A0735
Title: Robust and efficient nonparametric estimation of transported total causal effects and mediation causal effects
Authors: Kara Rudolph - Columbia University (United States) [presenting]
Ivan Diaz - NYU Langone Health (United States)
Abstract: The focus is on identifying and estimating transported causal effects in the context of encouragement-design interventions---those that encourage uptake of exposure of interest. We consider types of transported total effects, like the intent-to-treat average treatment effect, the average treatment effect of the exposure, and the complier average treatment effect. We also consider transported interventional indirect and direct effects of the encouragement on the outcome that operate through mediators or not, respectively.
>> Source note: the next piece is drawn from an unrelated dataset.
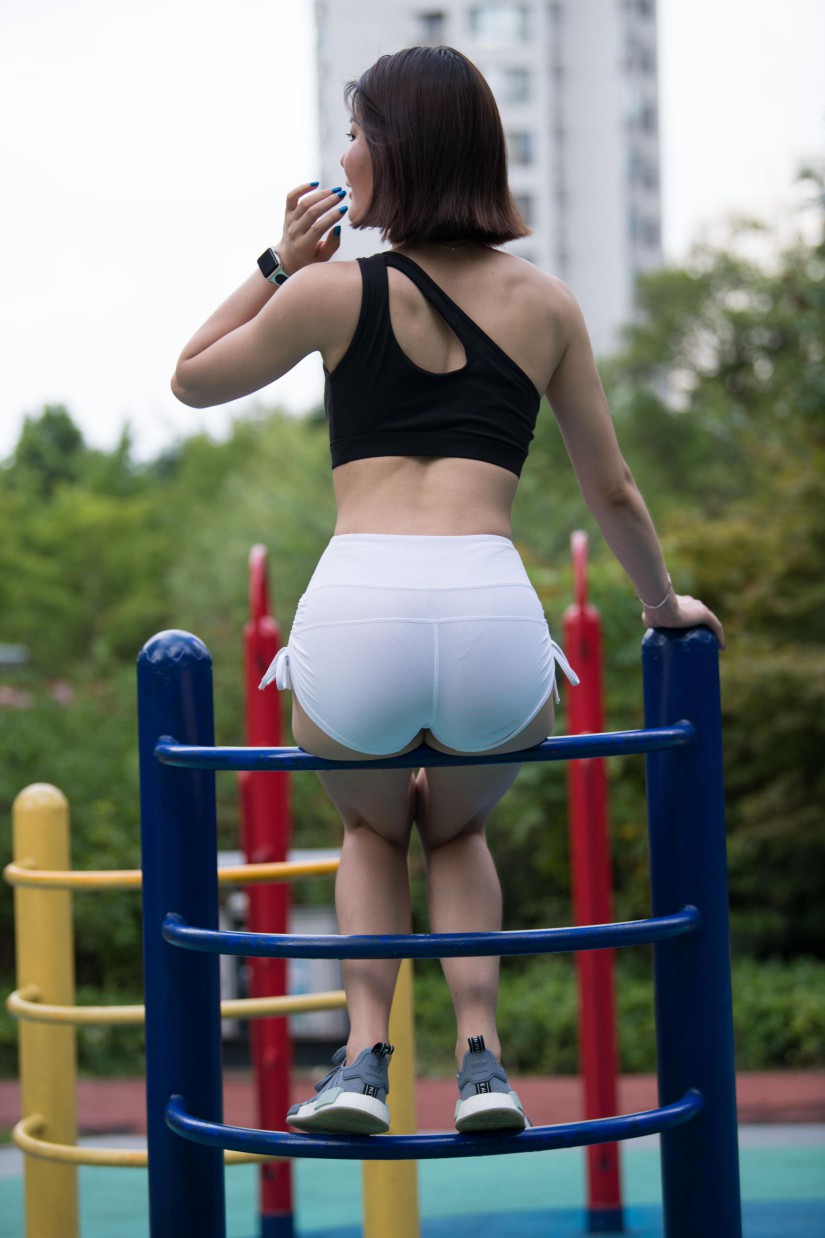 图片[6]-在户外玩耍的白色短裤漂亮姑娘【239P】00061-师姐图集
We describe robust and efficient estimators for each type of transported effect and apply them to motivating research questions from the Moving to Opportunity Study (MTO). MTO is a large-scale encouragement-design intervention in which Section 8 housing vouchers, which encourage families in public housing to move by subsidizing rents on the private market, were randomly assigned. In the context of MTO, we use the transport estimators in service of understanding the reasons for differences in site-specific effect estimates. These transport estimators may also be useful in other scenarios-including, to generate place-specific intervention effect estimates, in problems related to surrogacy, or in other data-fusion-related problems. We end with current work on extending these identification results and estimators to accommodate more general data structures.